P‑ML. The chronic stress that causes the animal to become depressed is thus accompanied by an imbalance, albeit minor, in the composition of the microbiota. While we have not established the factors that cause this dysbiosis [imbalance of the microbiota], we have at least demonstrated that supplementing the diet with lactobacilli is sufficient to restore the initial balance of the intestinal microbiota – resulting in an anti-depressant effect.
GE. The interaction between the microbiota and the brain is mediated in this case by the so-called “endocannabinoid” system. The lack of lactobacilli in “depressed” mice leads to a decrease in arachidonic acid, the precursor of endocannabinoids, circulating in their bodies. This decrease in turn has effects on the hippocampus, an area of the brain involved in depression.
We have demonstrated that supplementing the diet with lactobacilli is sufficient to restore the initial balance of the intestinal microbiota – resulting in an anti-depressant effect.
Can we adapt your observations to humans?
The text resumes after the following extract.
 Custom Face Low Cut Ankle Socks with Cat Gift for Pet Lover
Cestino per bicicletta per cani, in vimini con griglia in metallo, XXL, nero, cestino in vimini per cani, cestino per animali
P‑ML. For us, it’s not a big leap. We hope to have put our finger on a fundamental nodule between the microbiota and its action on the hippocampus through endocannabinoids. These three elements are also present in humans. Although, we must wait for clinical studies to study the antidepressant role of lactobacilli and other bacterial species found in the intestines.
Will we treat depression with faecal transplants?
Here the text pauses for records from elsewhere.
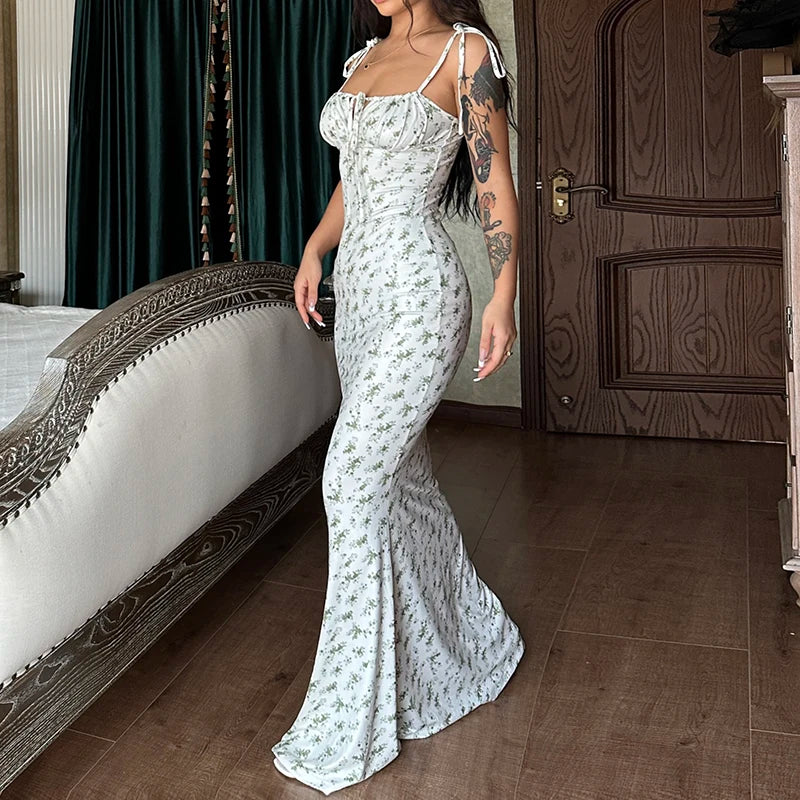Elegant Floral Beach Vacation Bodycon Streetwear Long Dress - MERGE.DAY.1.FREESTYLE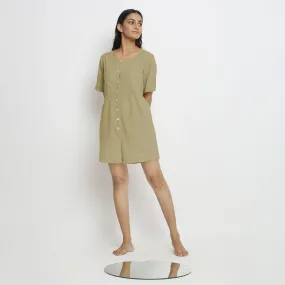 Khakhi Green Button-Down 100% Cotton Romper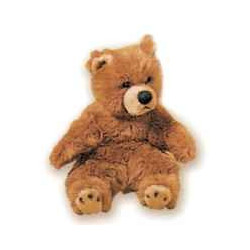 Décoration animaux Ours grizzly 40 cm assis peluche réaliste Piutre 2106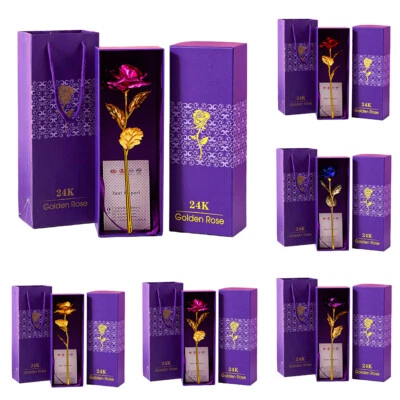 $21.99 • Buy Golden Foil Rose Flower With Gift Box For Women Girlfriend Valentine's Day Gifts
P‑ML. Faecal transplants are complex because the humans, as a species, carry a great diversity of microbiota. Bringing in large numbers of other species of bacteria means taking the risk of upsetting the balance. On the other hand, we can assume that a new generation of probiotics using synthetic bacteria might not affect the balance.
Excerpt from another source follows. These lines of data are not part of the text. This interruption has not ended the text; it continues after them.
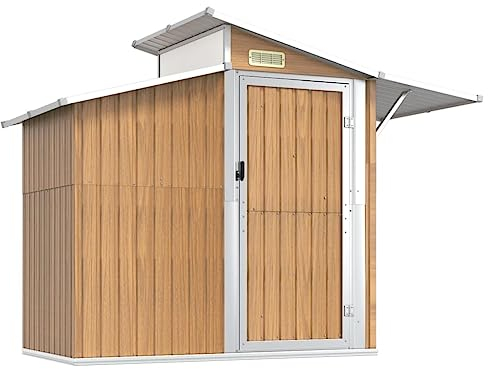 vidaXL Geräteschuppen, Gartenhaus mit viel Stauraum, Rostfrei Gerätehaus mit Tür, Schuppen Gartenschuppen, Braun 270x130x208,5cm Verzinkter Stahl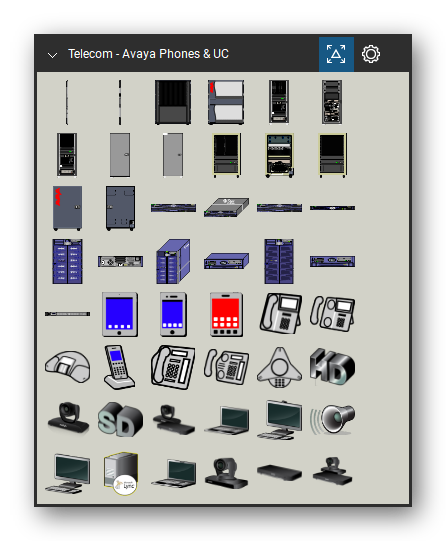 Telecom, Voice & Wireless tool set for Bluebeam Revu, Avaya Phones & UC set (tools 1-48 of 297) - 48 views of 44 devices, front, rear and isometric: Plug-In Card 1, Plug-In Card, Rack Mounted (Open View), Rack Mounted (Closed View), Large Cabinet System (Open View), Large Cabinet System (Rear View Open), Large Cabinet system (Open View Unpopulate, Large Cabinet System (Closed View, Large Cabinet System (Rear Closed View), PG-203 (Open View Partially Populated) and 34 more. Tool Chest in Symbol view.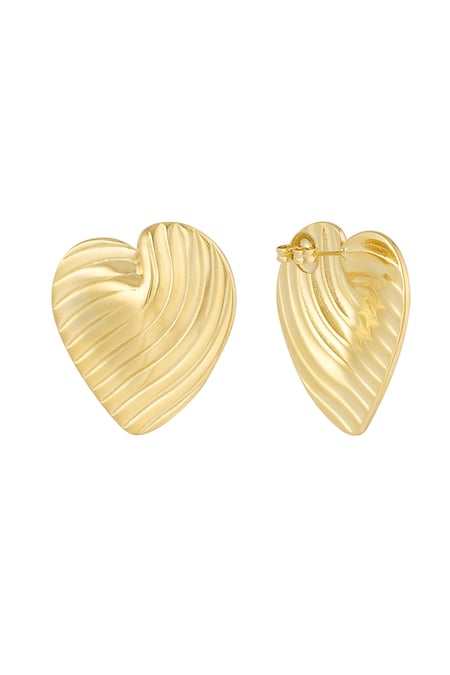 Statement earrings forever love - Gold color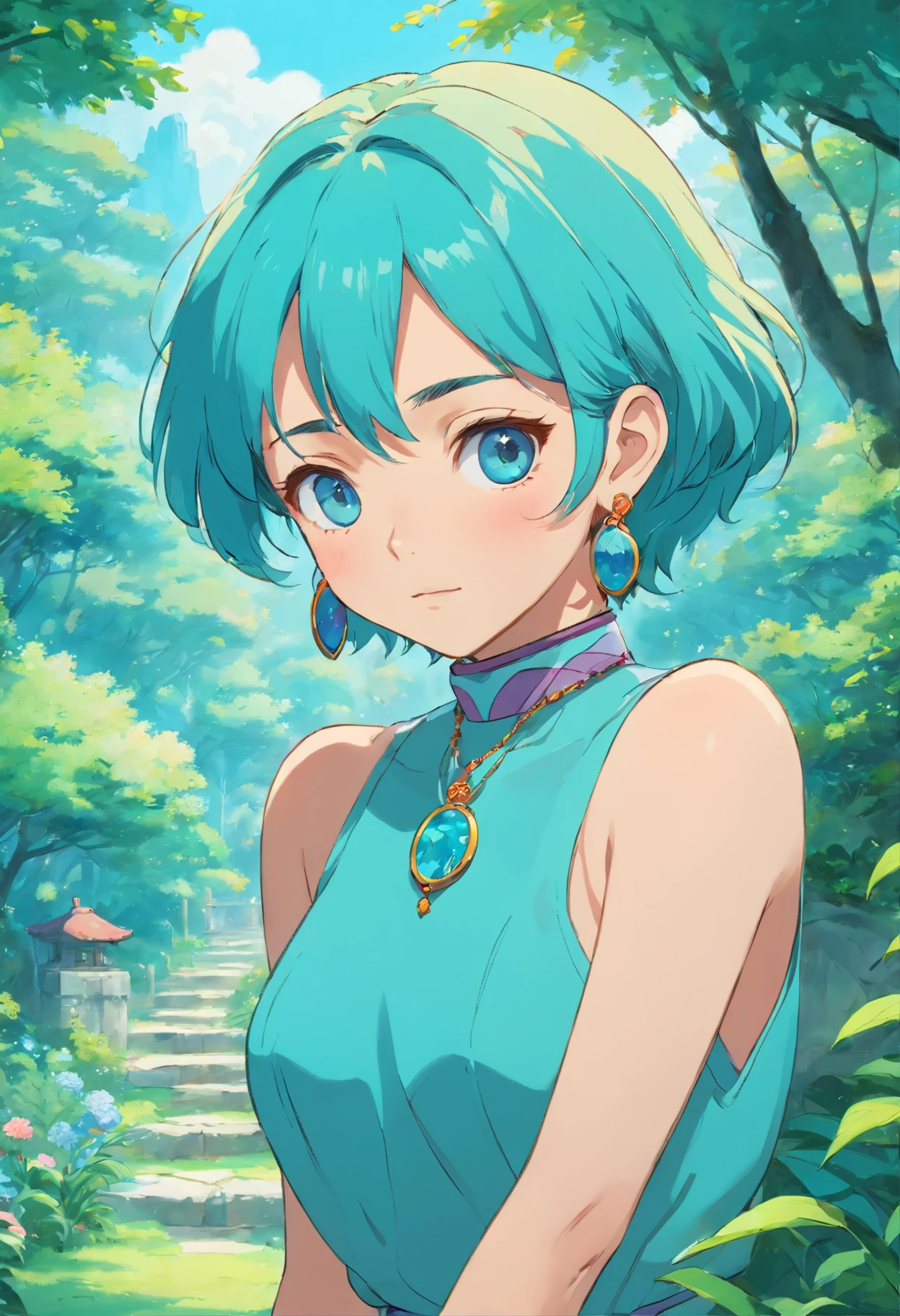 Girl in an anime collar, Long necklaces and earrings, In the style of a tranquil garden landscape, colorful animation stills, Masami Teraoka, aquamarine, paul gauguin, Embry style, Honest portrayal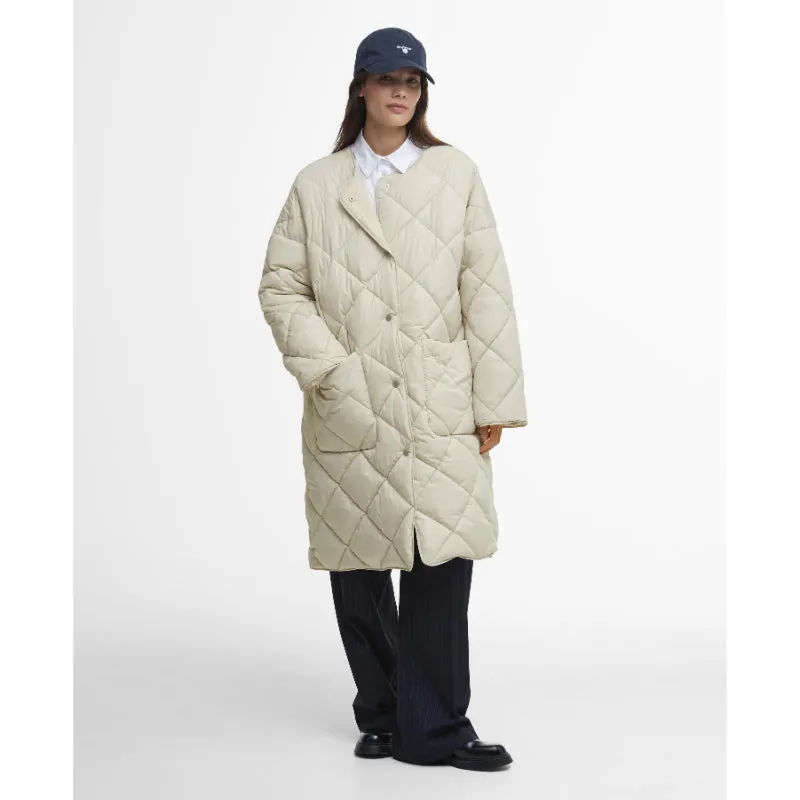 Barbour Brigitte Ladies Puffer Coat & Scarf - French Oak/Sky Dress Tartan
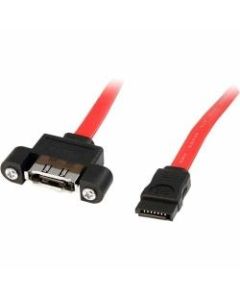 StarTech.com 1 ft eSATA Panel Mount Cable - F/M - SATA for Hard Drive - 1ft - 1 Pack - 1 x Female eSATA - 1 x Male SATA - Red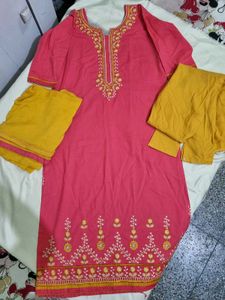 Pink & Yellow Kurta Set With Duppata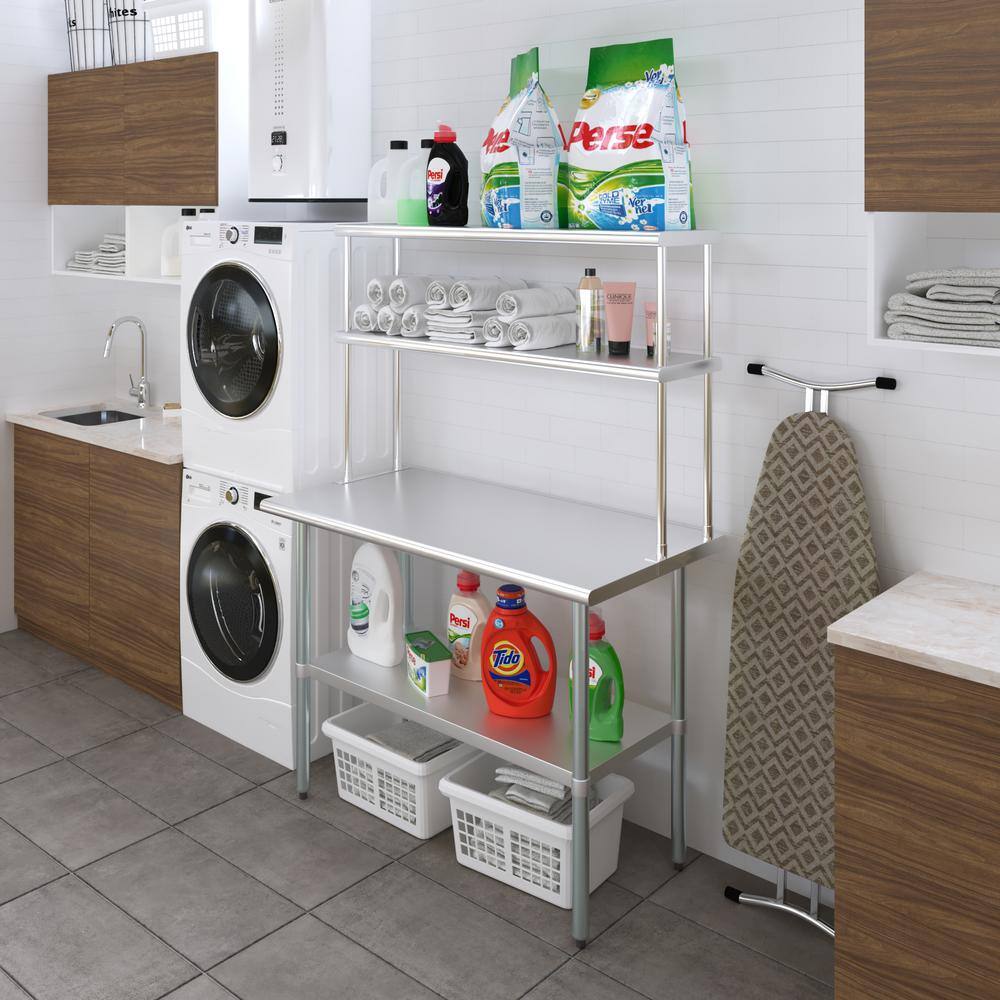 48" Stainless Steel Double-Tier Kitchen Overshelf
GE. Rather than faecal transplants, it is preferable to add bacteria to the existing microbiota – either with classical probiotics, some of which were discovered 100 years ago at the Pasteur Institute in particular, or with new generation solutions. By identifying bacteria and the genes that contribute to these biological processes, it is possible to generate genetically modified synthetic bacteria.
To do so we could combine the genes of different bacteria to produce exactly what is needed. This would be a solution to go beyond classical probiotics, which have a significant but limited effect. Even if there is public or official resistance to synthetic or recombinant bacteria, this approach would be much safer than faecal transfers.
How can these discoveries be applied in practice to treat patients?
P‑ML. Our work should encourage the clinical world to take a more holistic view of depression. Under the generic term “depression”, there are probably several pathological forms of mood disorders, which have little to do with each other on a biological level. For some, standard antidepressants will suffice, but not for others. Remember that 30% of patients are resistant to all drug treatments!
Our approach may help target a subcategory of depressed individuals whose “hippocannabinoid” receptors are not sufficiently activated because of the lack of antagonists naturally produced by gut bacteria. Psychiatrists and biologists should start looking for indicators of these deficient metabolic pathways. Currently, expert centres are performing these tests, at least for research purposes, by building up cohorts of patients with blood tests, but this should be done more systematically.
GE. There is a lot of talk about psychosomatic diseases, characterised by physical symptoms of mental states. But the reverse component, the “somatopsychic”, has not yet entered the vocabulary. Is it the mind that makes the body sick, or is it the body that harms the mind? This is part of the holobionte concept. The brain is immersed in the environment and the environment of the body is controlled, regulated by the brain. It is a feedback loop! It is therefore necessary to also consider the soma in order to heal the mind.